BGH-Beschluss: weiter Maßstab zur Bestimmung der erheblichen Inlandstätigkeit 

Der BGH stellte zunächst klar, dass zumindest die Verarbeitung personenbezogener Daten von in Deutschland ansässigen Endkunden für in Deutschland ansässige Geschäftskunden (Direktkunden) von Kustomer eine erhebliche Inlandstätigkeit im Sinne von § 35 Abs. 1a Nr. 4 GWB begründen kann. Ob dies auch für die Verarbeitung deutscher Endkundendaten für im Ausland ansässige Geschäftskunden gilt, ließ der BGH ausdrücklich offen.

Dabei betonte das Gericht, dass die Datenverarbeitung keine bloße Nebenleistung, sondern ein wesentlicher Bestandteil der Geschäftstätigkeit von Kustomer sei. Das wettbewerbliche Potenzial des Unternehmens ergebe sich insbesondere aus der datenbezogenen Tätigkeit mit Inlandsbezug, die nach dem Zusammenschluss aufgrund der Präsenz und Marktstellung des Erwerbers im Inland eine verstärkte wettbewerbliche Relevanz entfalten könne.
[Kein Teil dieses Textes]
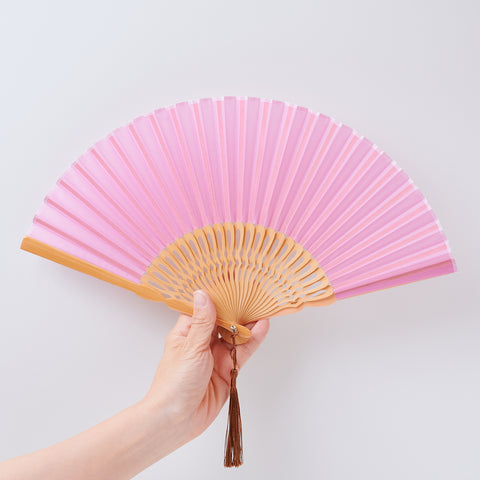 Left-handed folding fan with silk fabric and light brown bamboo ribs, includes cloth case and wooden gift box.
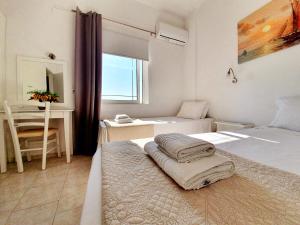 a bedroom with two beds and a desk and a window at Eva Ivoni apartments in Amoudara Herakliou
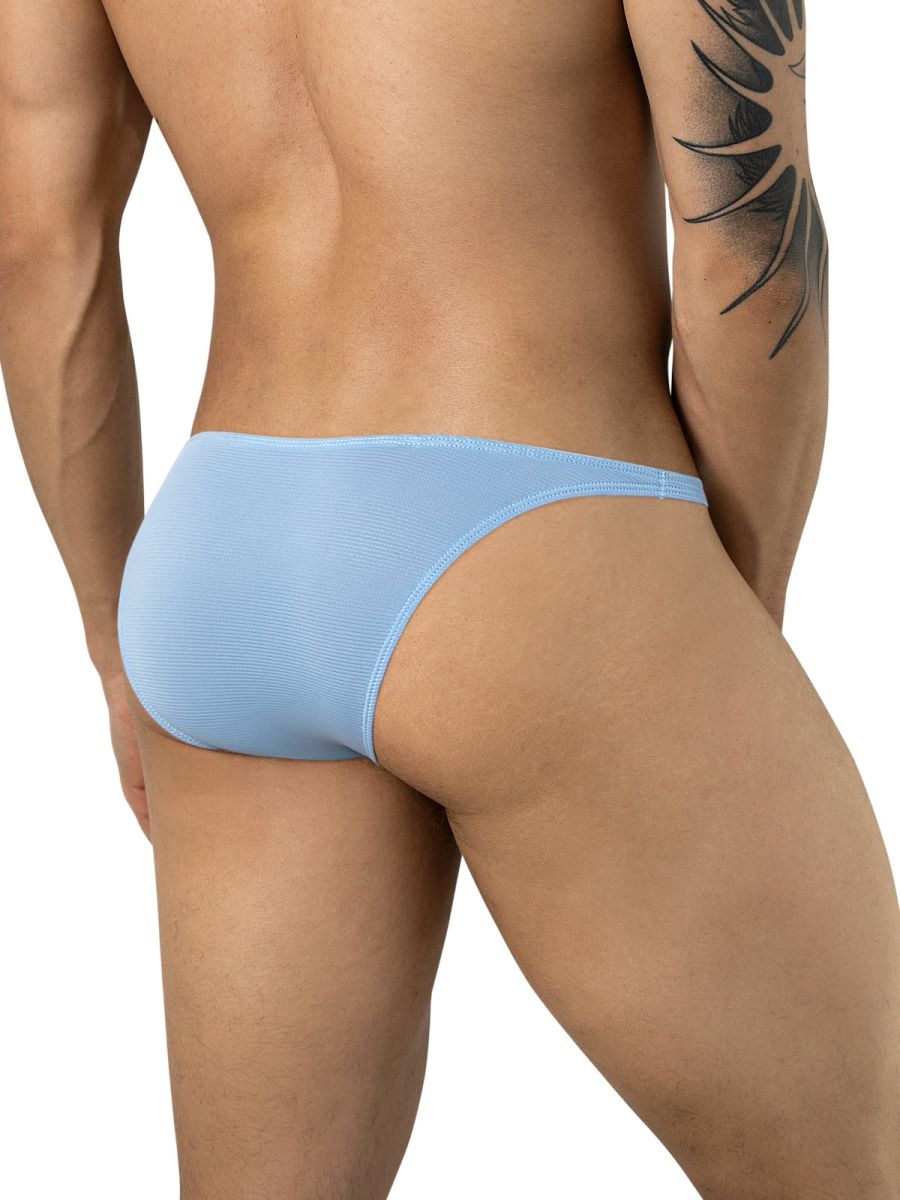 Rear view of light blue Cronos briefs worn, featuring thin side straps and textured fabric.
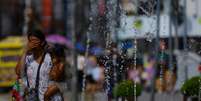 Extenso, Brasil sofre com dezenas de ondas de calor ao longo do ano. Na imagem, mulher se refresca em chafariz de Porto Alegre. (15/12/2023) Foto: RFI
Für die Annahme einer Inlandstätigkeit sei weder eine unmittelbare noch eine mittelbare Rechtsbeziehung zwischen dem Zielunternehmen (Kustomer) und den betroffenen Endkunden erforderlich. Maßgeblich sei allein, ob die Tätigkeit des Zielunternehmens generell geeignet sei, infolge des Zusammenschlusses wettbewerbliche Auswirkungen auf inländische Märkte zu entfalten.

Hinsichtlich des Merkmals der „Erheblichkeit“ konkretisierte der BGH, dass zwar eine gewisse Spürbarkeit der Marktbeeinflussung erforderlich sei, die Schwelle hierfür jedoch niedrig anzusetzen sei: Lediglich marginale Auswirkungen seien außer Betracht zu lassen. Bei der Prüfung sei insbesondere die Anzahl der im Inland betroffenen Endkunden zu berücksichtigen, während umsatzbezogene Kriterien unberücksichtigt bleiben müssten.

Rechtsklarheit oder Rechtsunsicherheit? Folgen der BGH-Entscheidung

Die Entscheidung des BGH stärkt die kartellbehördlichen Eingriffsmöglichkeiten in der Fusionskontrolle. Auch Übernahmen von Unternehmen, deren Deutschlandbezug lediglich mittelbar besteht – etwa über in Deutschland ansässige Endverbraucher – können unter die Anmeldepflicht nach § 35 Abs. 1a GWB fallen. Diese Auslegung trägt zwar dem Schutzzweck der Transaktionswertschwelle Rechnung, nämlich potenziell wettbewerbsrelevante Zusammenschlüsse auch bei geringen Umsätzen zu erfassen, sie kann aber in der unternehmerischen Praxis weiterhin zur Unsicherheit führen: erwerbende Unternehmen werden regelmäßig nicht in der Lage sein, die indirekten Auswirkungen der Zielunternehmenstätigkeit auf deutsche Verbraucher zuverlässig einzuschätzen. Es bleibt abzuwarten, inwieweit sich aus der Entscheidung des BGH klare und praktikable Leitlinien für die Anwendung der Transaktionswertschwelle entwickeln lassen.

* Gemeint sind Personen jeder Geschlechtsidentität. Um der leichteren Lesbarkeit willen wird im Beitrag die grammatikalisch männliche Form verwendet.